Before the seizure of the U.S. embassy in Tehran in 1979, Vance had
resisted Brzezinski's proposal that Washington back a military
crackdown against Iran's radical Islamic forces.
Once the embassy was taken by followers of Islamic leader Ayatollah
Ruhollah Khomeini, Vance sought Carter's backing for an attempt to
come to terms with Khomeini. Brzezinski characteristically favored
military action to free the 52 American hostages and punish Iran.
Carter eventually accepted Brzezinski's proposal for the ill-fated
rescue mission, in which eight servicemen died.
Brzezinski also took part in negotiations toward the Egypt-Israel
Peace Treaty in 1979, which was seen by many as the major
achievement of Carter's presidency.
In the arms control field, Brzezinski, despite his lifelong
antipathy to Soviet communism, joined Defense Secretary Brown in
spearheading the unsuccessful drive to win Senate approval of the
1979 SALT-2 accord with Moscow.
Although it never cleared the Senate as a result of the Soviet
invasion of Afghanistan in December 1979, SALT-2 remained
unofficially in effect even beyond its original five-year lifespan.

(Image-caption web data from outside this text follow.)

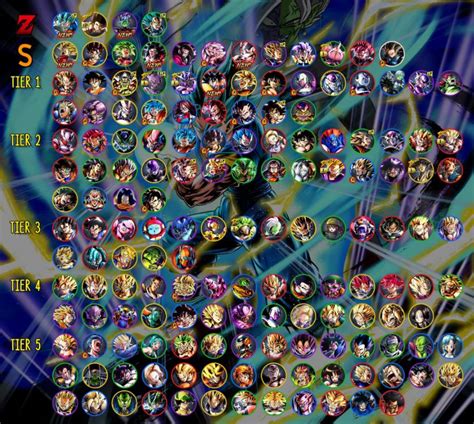 There are currently twelve in total, as well as an artifical one, and every two universes whose designations add up to 13 are twin universes. 🐉 Tier list japonaise de Dragon Ball Legends (à jour)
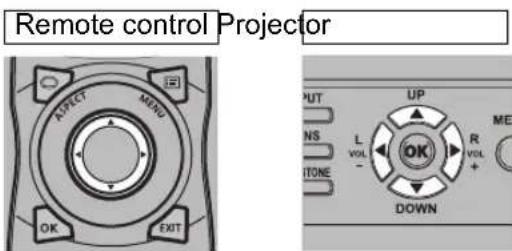 CANON REALiS 4K500ST Pro AV - 2Press the pointer buttons to adjust the focus at image edges. - 1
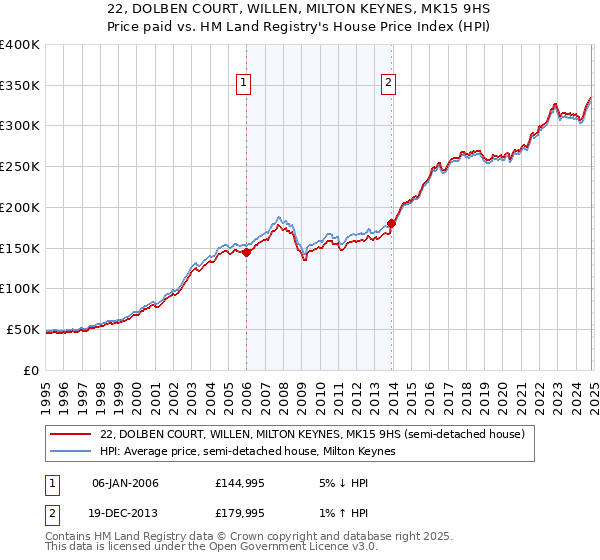 22, DOLBEN COURT, WILLEN, MILTON KEYNES, MK15 9HS: Price paid vs HM Land Registry's House Price Index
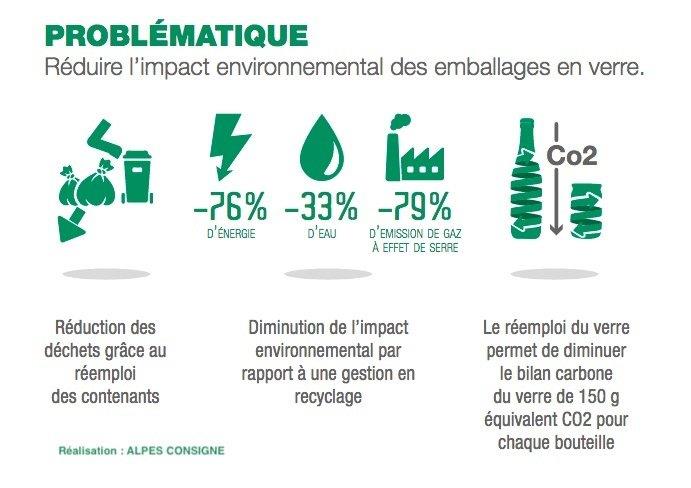 La Consigne chez Biocoop Casabio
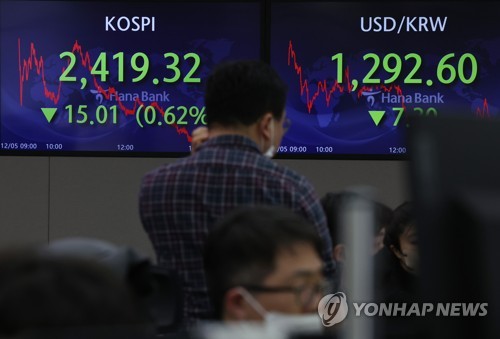(LEAD) Seoul shares end lower amid U.S. rate hike worries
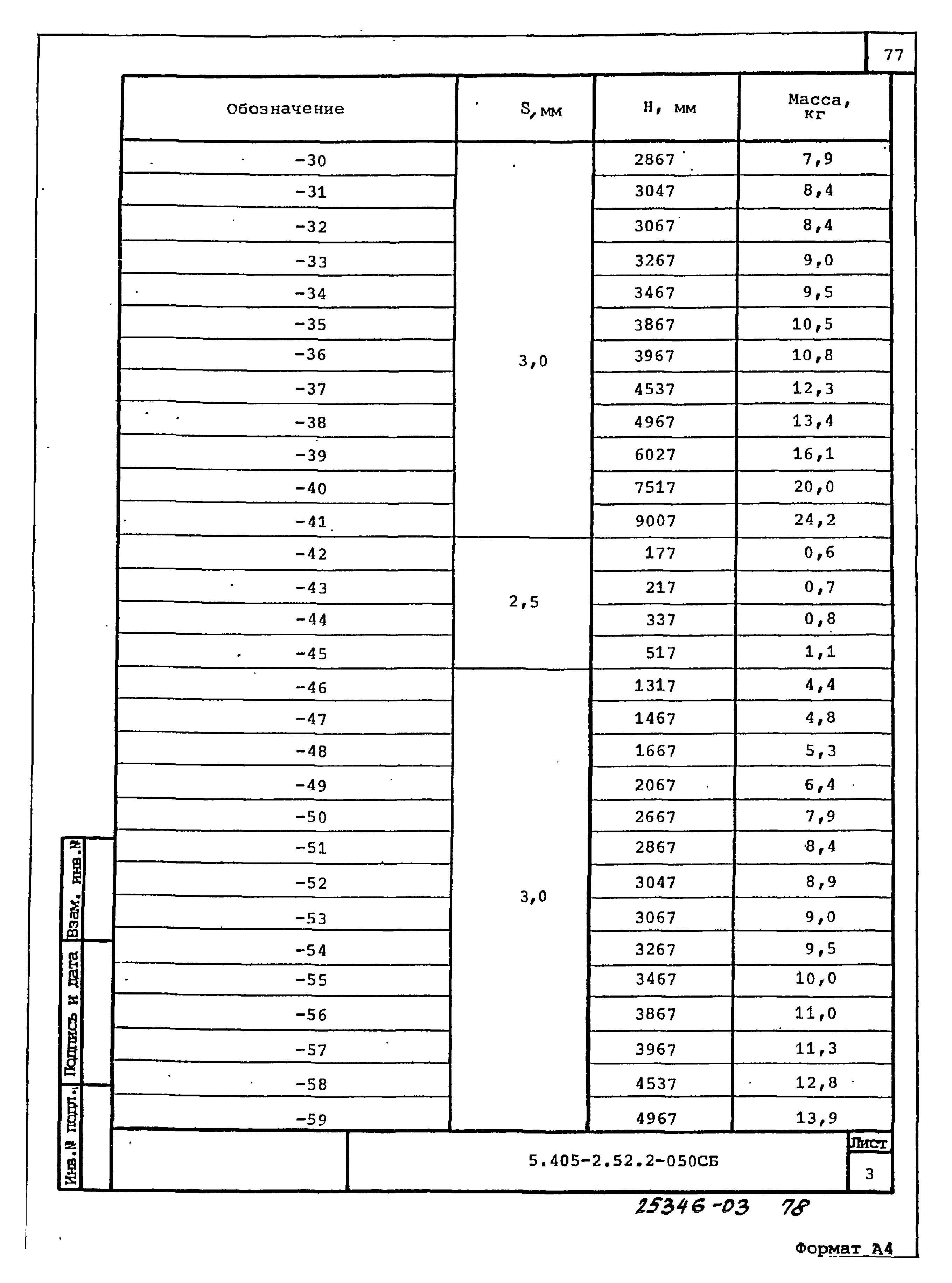 Серия 5.405-2.52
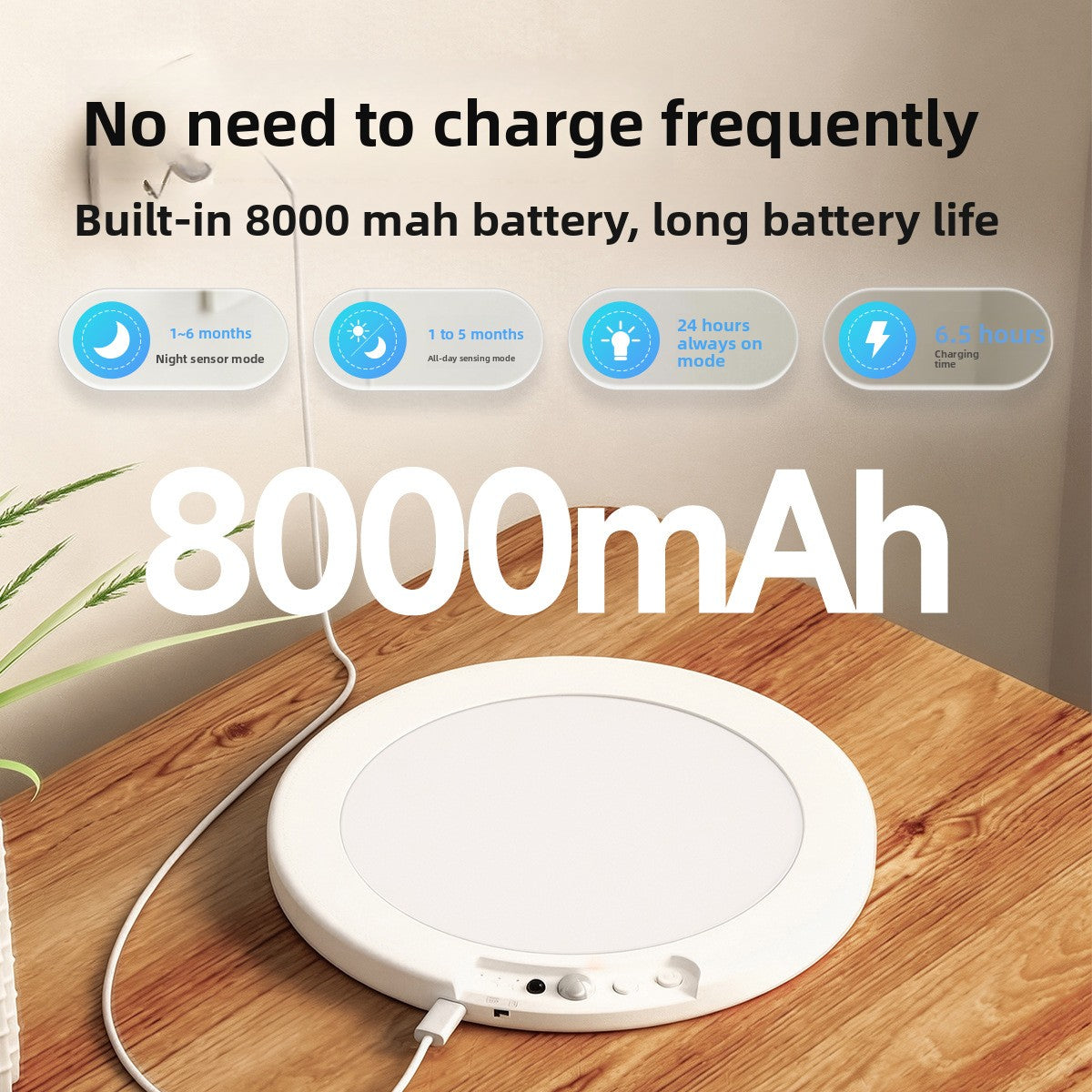 Rechargeable Ceiling Light | Motion Sensor LED Panel for Wardrobe, Cupboard, Loft, Garage & Hallway | No Wiring, Remote, 3 Light Colours, 19cm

After the Carter years, Brzezinski became a consultant on
international affairs and a senior adviser for the Georgetown Center
for Strategic and International Studies in Washington. He also
taught American foreign policy at Johns Hopkins University.
He frequently wrote opinion articles for newspapers and published
several books, including "Strategic Vision: America and the Crisis
of Global Power" in 2012.
Vice President George H.W. Bush, trying to build up his own image as
a tough foreign policy realist, considered it a coup to secure
Brzezinski's support in his 1988 presidential campaign.
Brzezinski was at times critical of the foreign policies of both
Bill Clinton and George W. Bush. He was sharply critical of Bush's
"war on terror" and the 2003 invasion of Iraq.
In August 2007 Brzezinski endorsed Democratic presidential candidate
Barack Obama, saying that Obama "recognizes that the challenge is a
new face, a new sense of direction, a new definition of America's
role in the world".
Brzezinski and his wife Emilie had three children.